オランダ人エクスパットJは、しばしばこんなセリフを吐いた。
「おれは、そんなマイクロ・マネジメントはしない。」
ここで言っている「マイクロ・マネジメント」とはつまり、簡単に言ってしまうと
「そんな細かいことは、オレは知らん。決める能力を持つものが自分で決定せよ。」
という意味である。
日本にやってくるエクスパットは、当然のことながら日本固有の個別具体的な詳細については、そもそも理解していようがなく、それをどうやってうまく簡潔にエクスパットに説明して了解させるのか、というのは外資系企業において、エクスパットと対面する日本人スタッフの肝となるのだが、その点、オランダ人エクスパットJはかなり割り切りが良いというか、潔かったのである。

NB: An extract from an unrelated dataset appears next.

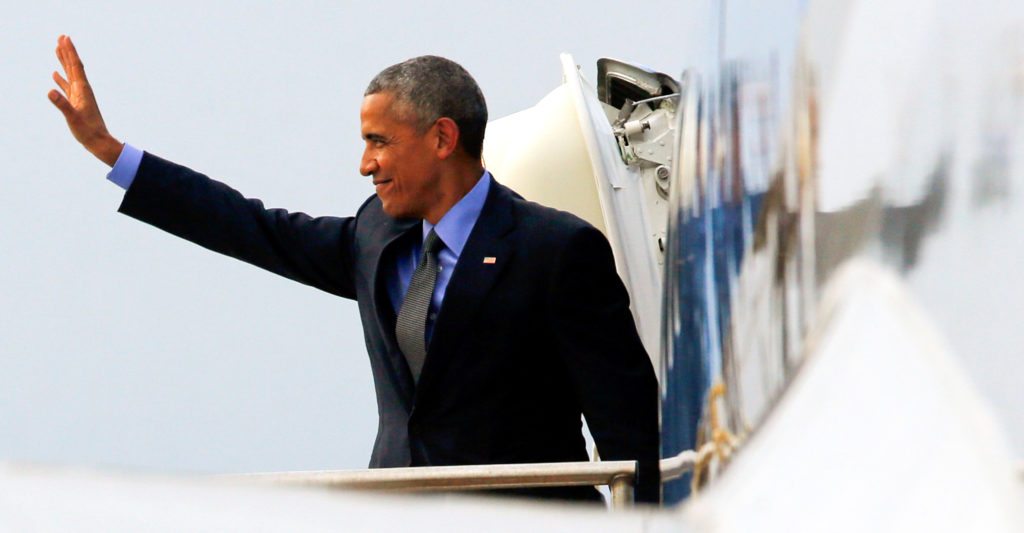 Barack Obama Touches Down in New Zealand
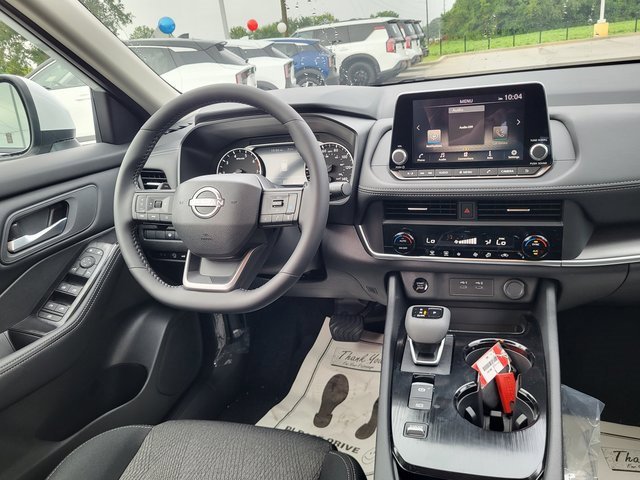 New 2026 Nissan Rogue SV image 17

彼は、彼に与えられた「マネジメントの仕事」とは、方向性とか、優先順位を決めることのみにあり、日本の細かなオペレーションについては、
「そんな話をエクスパティーズがない人間が聞いても、価値はない」
と説明した上で、彼はこのキメ台詞を吐くのだ。
「おれは、そんなマイクロ・マネジメントはしない。」
これって、彼本人は実は何もしていないにもかかわらず、しかも誰をも指名することなく、結果的に決められる人間が勝手に決定せざるを得なくなりつつ、しかも事後に彼は、引き続き内容を中立的にフォローできる立場に居続ける・・・大変ウマいやり方なのであった。